### Data provided
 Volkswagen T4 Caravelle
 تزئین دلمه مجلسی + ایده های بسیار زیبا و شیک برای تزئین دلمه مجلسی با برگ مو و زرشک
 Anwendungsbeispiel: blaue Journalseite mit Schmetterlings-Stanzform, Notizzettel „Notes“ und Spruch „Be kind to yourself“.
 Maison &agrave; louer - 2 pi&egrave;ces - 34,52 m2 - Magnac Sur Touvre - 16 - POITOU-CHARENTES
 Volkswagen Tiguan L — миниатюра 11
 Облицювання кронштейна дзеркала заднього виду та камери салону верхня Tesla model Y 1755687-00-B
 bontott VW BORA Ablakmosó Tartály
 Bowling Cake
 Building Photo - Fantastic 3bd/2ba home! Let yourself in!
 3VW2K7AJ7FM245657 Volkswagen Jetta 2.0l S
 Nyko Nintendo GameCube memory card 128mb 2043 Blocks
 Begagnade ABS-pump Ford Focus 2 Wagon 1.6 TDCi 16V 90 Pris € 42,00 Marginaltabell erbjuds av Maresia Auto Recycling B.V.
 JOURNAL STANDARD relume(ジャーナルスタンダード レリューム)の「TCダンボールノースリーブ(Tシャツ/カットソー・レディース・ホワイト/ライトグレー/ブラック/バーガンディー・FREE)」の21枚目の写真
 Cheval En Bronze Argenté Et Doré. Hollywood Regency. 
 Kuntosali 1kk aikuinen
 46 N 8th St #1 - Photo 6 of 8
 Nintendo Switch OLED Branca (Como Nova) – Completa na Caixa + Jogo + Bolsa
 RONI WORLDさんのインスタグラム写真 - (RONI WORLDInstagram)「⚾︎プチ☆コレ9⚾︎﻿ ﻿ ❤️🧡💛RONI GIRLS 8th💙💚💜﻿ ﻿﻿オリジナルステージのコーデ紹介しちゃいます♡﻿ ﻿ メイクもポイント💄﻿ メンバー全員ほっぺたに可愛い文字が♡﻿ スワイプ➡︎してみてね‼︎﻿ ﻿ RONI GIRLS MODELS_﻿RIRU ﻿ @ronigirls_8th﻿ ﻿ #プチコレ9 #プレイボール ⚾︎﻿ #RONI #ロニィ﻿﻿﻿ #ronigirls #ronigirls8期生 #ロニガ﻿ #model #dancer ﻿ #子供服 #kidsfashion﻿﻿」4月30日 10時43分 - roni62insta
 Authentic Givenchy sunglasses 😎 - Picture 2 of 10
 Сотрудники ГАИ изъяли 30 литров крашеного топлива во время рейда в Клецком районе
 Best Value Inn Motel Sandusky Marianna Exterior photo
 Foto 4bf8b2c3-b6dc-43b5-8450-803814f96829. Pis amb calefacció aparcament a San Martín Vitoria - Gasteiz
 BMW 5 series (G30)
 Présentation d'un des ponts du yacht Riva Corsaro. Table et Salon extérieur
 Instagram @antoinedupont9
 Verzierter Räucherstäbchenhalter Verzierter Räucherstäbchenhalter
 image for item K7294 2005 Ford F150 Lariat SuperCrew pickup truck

### Task description
Word for word, restate the lines above from the line containing "Volkswagen Tiguan L — миниатюра 11" through the line containing "BMW 5 series (G30)", with both included and nothing else.

### Task response
 Volkswagen Tiguan L — миниатюра 11
 Облицювання кронштейна дзеркала заднього виду та камери салону верхня Tesla model Y 1755687-00-B
 bontott VW BORA Ablakmosó Tartály
 Bowling Cake
 Building Photo - Fantastic 3bd/2ba home! Let yourself in!
 3VW2K7AJ7FM245657 Volkswagen Jetta 2.0l S
 Nyko Nintendo GameCube memory card 128mb 2043 Blocks
 Begagnade ABS-pump Ford Focus 2 Wagon 1.6 TDCi 16V 90 Pris € 42,00 Marginaltabell erbjuds av Maresia Auto Recycling B.V.
 JOURNAL STANDARD relume(ジャーナルスタンダード レリューム)の「TCダンボールノースリーブ(Tシャツ/カットソー・レディース・ホワイト/ライトグレー/ブラック/バーガンディー・FREE)」の21枚目の写真
 Cheval En Bronze Argenté Et Doré. Hollywood Regency. 
 Kuntosali 1kk aikuinen
 46 N 8th St #1 - Photo 6 of 8
 Nintendo Switch OLED Branca (Como Nova) – Completa na Caixa + Jogo + Bolsa
 RONI WORLDさんのインスタグラム写真 - (RONI WORLDInstagram)「⚾︎プチ☆コレ9⚾︎﻿ ﻿ ❤️🧡💛RONI GIRLS 8th💙💚💜﻿ ﻿﻿オリジナルステージのコーデ紹介しちゃいます♡﻿ ﻿ メイクもポイント💄﻿ メンバー全員ほっぺたに可愛い文字が♡﻿ スワイプ➡︎してみてね‼︎﻿ ﻿ RONI GIRLS MODELS_﻿RIRU ﻿ @ronigirls_8th﻿ ﻿ #プチコレ9 #プレイボール ⚾︎﻿ #RONI #ロニィ﻿﻿﻿ #ronigirls #ronigirls8期生 #ロニガ﻿ #model #dancer ﻿ #子供服 #kidsfashion﻿﻿」4月30日 10時43分 - roni62insta
 Authentic Givenchy sunglasses 😎 - Picture 2 of 10
 Сотрудники ГАИ изъяли 30 литров крашеного топлива во время рейда в Клецком районе
 Best Value Inn Motel Sandusky Marianna Exterior photo
 Foto 4bf8b2c3-b6dc-43b5-8450-803814f96829. Pis amb calefacció aparcament a San Martín Vitoria - Gasteiz
 BMW 5 series (G30)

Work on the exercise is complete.